→ About this exercise:
Each line starting at the one that contains "Monolocale in Vendita" and ending at the one that contains "Kinder Hoodie Bio-Baumwolle" must be returned exactly, and the rest of the listing is left out.

* * * * * * * * *

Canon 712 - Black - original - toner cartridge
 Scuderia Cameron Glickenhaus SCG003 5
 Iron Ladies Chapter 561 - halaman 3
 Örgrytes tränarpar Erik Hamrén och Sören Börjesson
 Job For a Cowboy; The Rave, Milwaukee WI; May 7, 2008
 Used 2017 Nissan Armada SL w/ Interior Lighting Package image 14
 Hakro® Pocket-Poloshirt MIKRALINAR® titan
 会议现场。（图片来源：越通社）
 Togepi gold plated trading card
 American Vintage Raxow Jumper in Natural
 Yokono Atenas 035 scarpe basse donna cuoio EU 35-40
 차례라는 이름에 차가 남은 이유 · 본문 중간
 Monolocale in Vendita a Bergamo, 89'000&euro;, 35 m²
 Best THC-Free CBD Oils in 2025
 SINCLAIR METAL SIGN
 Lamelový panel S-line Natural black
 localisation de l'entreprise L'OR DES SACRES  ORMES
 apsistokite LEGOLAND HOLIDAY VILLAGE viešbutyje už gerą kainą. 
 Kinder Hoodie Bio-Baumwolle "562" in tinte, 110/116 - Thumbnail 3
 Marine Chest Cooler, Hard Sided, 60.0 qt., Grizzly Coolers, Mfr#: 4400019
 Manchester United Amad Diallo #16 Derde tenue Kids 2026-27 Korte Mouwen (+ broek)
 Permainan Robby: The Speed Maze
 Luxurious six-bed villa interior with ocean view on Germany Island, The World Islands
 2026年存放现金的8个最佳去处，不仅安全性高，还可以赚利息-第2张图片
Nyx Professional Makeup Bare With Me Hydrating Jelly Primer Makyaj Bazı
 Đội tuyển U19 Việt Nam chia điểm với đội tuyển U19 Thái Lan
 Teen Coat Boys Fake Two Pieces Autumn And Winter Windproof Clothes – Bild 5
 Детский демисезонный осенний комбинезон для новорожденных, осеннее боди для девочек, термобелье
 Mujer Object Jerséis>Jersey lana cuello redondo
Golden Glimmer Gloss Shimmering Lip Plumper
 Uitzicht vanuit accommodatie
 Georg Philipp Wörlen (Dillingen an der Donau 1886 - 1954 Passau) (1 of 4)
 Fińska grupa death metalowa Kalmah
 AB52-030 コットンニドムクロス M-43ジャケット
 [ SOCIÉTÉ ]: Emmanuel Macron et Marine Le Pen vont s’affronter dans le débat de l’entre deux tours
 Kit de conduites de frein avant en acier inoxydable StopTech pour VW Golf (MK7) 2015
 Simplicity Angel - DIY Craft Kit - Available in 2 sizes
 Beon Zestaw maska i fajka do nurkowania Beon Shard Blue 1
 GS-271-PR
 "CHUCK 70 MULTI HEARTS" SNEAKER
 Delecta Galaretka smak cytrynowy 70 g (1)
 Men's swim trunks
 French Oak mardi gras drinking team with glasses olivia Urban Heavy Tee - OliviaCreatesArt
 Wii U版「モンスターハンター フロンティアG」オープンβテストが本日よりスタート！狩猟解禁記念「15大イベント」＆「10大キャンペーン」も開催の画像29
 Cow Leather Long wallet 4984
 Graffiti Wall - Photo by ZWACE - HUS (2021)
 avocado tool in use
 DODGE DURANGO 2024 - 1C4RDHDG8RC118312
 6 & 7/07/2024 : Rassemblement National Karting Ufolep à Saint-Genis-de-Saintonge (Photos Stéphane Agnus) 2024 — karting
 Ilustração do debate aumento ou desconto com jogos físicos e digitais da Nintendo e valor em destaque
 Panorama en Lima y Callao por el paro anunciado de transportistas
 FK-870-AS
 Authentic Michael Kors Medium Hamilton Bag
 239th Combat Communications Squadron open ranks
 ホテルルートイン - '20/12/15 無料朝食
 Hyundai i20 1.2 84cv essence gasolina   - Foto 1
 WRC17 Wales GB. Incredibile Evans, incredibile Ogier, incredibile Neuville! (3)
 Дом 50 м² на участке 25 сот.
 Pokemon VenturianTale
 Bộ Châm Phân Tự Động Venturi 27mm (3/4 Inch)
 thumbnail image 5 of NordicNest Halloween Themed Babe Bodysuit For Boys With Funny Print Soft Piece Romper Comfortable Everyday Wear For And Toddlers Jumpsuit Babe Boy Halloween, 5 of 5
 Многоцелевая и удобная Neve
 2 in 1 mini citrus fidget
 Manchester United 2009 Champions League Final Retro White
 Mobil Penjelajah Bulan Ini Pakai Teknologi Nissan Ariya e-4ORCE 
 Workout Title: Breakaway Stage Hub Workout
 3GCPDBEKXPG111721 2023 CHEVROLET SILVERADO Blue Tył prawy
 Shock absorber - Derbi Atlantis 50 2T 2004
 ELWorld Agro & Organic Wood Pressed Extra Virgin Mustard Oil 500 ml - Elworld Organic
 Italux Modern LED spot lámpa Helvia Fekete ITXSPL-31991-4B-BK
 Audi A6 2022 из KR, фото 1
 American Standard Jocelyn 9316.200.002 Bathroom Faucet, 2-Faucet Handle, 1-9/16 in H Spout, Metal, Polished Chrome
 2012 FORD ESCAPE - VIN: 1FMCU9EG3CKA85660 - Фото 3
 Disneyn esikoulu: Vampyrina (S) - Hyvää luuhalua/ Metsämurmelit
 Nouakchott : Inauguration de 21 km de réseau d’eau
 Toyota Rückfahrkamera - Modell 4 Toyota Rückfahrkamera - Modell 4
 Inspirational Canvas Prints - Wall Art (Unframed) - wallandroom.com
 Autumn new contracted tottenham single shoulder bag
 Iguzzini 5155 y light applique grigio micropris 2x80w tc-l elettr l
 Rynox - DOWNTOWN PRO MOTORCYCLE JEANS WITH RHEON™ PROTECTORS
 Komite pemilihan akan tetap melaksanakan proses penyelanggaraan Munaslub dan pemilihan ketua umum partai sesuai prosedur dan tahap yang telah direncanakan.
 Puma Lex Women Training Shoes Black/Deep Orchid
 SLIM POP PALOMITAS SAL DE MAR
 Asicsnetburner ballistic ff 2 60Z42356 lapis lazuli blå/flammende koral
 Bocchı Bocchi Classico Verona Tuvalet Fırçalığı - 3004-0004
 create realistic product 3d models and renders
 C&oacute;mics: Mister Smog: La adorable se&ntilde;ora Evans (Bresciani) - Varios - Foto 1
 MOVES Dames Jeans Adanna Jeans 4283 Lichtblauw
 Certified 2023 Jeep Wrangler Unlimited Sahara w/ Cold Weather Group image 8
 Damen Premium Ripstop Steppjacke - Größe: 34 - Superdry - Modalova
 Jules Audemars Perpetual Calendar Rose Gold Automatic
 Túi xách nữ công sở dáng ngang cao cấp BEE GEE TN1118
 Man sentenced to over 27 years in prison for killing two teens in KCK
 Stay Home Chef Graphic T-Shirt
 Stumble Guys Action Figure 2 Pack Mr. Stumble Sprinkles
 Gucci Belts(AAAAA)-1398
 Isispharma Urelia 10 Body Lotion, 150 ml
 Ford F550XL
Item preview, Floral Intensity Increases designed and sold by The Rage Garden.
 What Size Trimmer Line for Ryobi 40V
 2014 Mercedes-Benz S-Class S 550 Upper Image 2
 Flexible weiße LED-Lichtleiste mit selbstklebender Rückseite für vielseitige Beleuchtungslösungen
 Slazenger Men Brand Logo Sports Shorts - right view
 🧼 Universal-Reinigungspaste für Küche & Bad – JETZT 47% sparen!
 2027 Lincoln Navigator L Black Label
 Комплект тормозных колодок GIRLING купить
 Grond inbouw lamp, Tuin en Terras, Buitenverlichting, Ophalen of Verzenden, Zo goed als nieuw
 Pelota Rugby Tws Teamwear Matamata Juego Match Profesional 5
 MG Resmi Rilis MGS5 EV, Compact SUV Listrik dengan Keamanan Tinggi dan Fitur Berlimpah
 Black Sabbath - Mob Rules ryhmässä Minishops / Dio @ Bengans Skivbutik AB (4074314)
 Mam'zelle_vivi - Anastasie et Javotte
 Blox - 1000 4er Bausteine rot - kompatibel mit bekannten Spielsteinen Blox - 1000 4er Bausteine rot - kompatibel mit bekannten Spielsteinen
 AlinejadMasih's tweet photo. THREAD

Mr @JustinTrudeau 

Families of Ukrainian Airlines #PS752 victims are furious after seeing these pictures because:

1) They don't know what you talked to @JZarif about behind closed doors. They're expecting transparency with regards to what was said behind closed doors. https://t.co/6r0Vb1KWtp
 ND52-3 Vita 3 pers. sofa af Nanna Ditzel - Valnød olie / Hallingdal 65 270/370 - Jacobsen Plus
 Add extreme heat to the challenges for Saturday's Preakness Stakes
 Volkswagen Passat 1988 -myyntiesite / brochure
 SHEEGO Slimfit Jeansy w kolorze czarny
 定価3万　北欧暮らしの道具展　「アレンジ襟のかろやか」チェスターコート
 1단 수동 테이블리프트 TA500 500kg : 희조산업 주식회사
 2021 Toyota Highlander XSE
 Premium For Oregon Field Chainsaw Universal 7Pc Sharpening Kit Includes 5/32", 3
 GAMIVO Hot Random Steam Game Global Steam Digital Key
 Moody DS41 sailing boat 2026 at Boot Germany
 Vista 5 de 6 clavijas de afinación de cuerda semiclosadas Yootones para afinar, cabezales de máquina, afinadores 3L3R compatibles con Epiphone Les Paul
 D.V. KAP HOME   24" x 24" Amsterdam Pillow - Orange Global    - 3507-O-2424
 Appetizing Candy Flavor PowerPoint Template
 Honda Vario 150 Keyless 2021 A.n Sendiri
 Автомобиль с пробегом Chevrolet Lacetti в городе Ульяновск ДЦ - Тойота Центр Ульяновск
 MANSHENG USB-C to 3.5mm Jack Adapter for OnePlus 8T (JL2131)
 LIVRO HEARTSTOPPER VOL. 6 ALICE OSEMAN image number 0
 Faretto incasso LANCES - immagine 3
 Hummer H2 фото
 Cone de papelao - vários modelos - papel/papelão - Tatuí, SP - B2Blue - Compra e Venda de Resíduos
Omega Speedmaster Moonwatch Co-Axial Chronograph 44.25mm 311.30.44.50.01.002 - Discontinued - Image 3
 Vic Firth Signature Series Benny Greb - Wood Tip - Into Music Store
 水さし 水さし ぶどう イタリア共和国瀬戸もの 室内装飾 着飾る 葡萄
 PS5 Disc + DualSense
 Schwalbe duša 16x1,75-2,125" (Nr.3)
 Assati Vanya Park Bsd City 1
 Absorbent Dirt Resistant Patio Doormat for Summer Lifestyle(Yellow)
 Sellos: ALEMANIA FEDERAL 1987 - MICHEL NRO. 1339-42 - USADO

* * * * * * * * *

→ Finished exercise:
 Monolocale in Vendita a Bergamo, 89'000&euro;, 35 m²
 Best THC-Free CBD Oils in 2025
 SINCLAIR METAL SIGN
 Lamelový panel S-line Natural black
 localisation de l'entreprise L'OR DES SACRES  ORMES
 apsistokite LEGOLAND HOLIDAY VILLAGE viešbutyje už gerą kainą. 
 Kinder Hoodie Bio-Baumwolle "562" in tinte, 110/116 - Thumbnail 3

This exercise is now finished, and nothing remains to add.